Entre elas, estão a liberação da pesca de arrasto, parte da agenda anti-ambiental de Bolsonaro, e a liberação de cultos e manifestações religiosas em abril de 2021, no pico da pandemia de covid-19 – depois derrubada pelo plenário do STF.
Em dois momentos, ações de Marques levaram à interrupção de julgamentos de interesse do governo. Em setembro, ele pediu vistas e travou o julgamento de ações que questionavam decretos de Bolsonaro para facilitar acesso a armas de fogo. Três ministros já haviam votado pela inconstitucionalidade da medida.
Outro caso foi um mandado de segurança que questionava se o presidente pode bloquear seguidores nas redes sociais. Nunes Marques pediu destaque, interrompendo a discussão no Supremo.
Reação
O presidente Jair Bolsonaro reagiu na tarde de hoje à decisão do STF, durante ato cerimônia de lançamento do Programa Brasil pela Vida e pela Família, no Palácio do Planalto, em Brasília (DF).
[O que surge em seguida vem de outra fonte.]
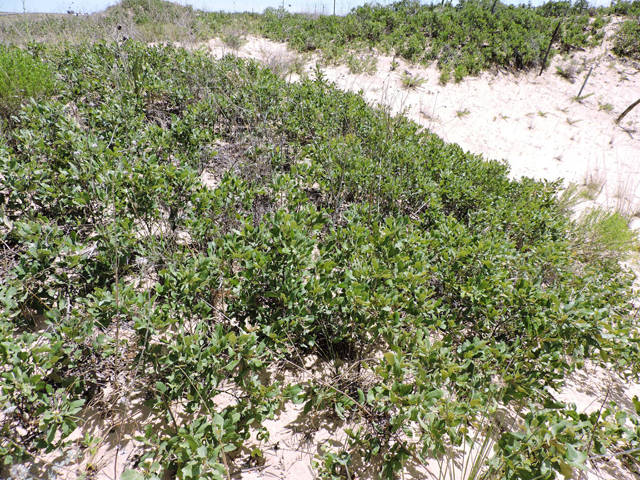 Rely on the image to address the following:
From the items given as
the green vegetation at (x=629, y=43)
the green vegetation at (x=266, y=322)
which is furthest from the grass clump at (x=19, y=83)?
the green vegetation at (x=629, y=43)

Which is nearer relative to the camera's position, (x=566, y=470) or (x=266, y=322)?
(x=566, y=470)

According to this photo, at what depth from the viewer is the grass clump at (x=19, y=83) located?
3586 mm

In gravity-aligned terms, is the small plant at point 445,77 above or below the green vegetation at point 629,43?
below

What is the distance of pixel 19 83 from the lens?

Dizendo-se “indignado” com a decisão, Bolsonaro alegou que não existe tipificação penal para fake news, o que, segundo ele, impossibilitaria a condenação do deputado. Mais que isso, reiterou que as alegações de fraude nas urnas eletrônicas em 2018 são verdadeiras.
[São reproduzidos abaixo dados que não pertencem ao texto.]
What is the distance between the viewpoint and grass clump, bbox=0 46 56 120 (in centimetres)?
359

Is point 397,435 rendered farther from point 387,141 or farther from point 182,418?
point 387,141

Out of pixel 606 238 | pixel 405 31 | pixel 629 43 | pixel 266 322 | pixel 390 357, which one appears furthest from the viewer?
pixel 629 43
“Pode alguém ser punido por fake news? E se esse fake news for uma verdade, pior ainda! Esse deputado não espalhou fake news, porque o que ele falou na live eu também falei pra todo mundo, que estava acontecendo fraude nas eleições de 2018″, disse.
“Se for para punir fake news com derrubada de página, fecha a imprensa brasileira, que é uma fábrica de fake news, em especial Globo, Folha”, completou o presidente, em novo ataque à imprensa.
O presidente também criticou o TSE por supostamente não aceitar as sugestões apresentadas pelas Forças Armadas, que segundo Bolsonaro descobriram “centenas de vulnerabilidades”. “Convidaram pra que, ora bolas? Pra fazer papel do que? Eu sou o chefe das Forças Armadas. Nós não vamos fazer papel de idiotas”, afirmou.
“Tenho a obrigação de agir. Tenho jogado dentro das quatro linhas. Não acham uma só palavra minha, um só gesto, um só ato fora da Constituição. Será que três do STF, que pode muito, podem continuar achando que podem tudo?”, lamentou.
Bolsonaro ainda atacou diretamente o ministro do STF Edson Fachin. “O ministro eu solta o Lula é o mesmo que está à frente do TSE, dando as cartas como dono da verdade”, frisou.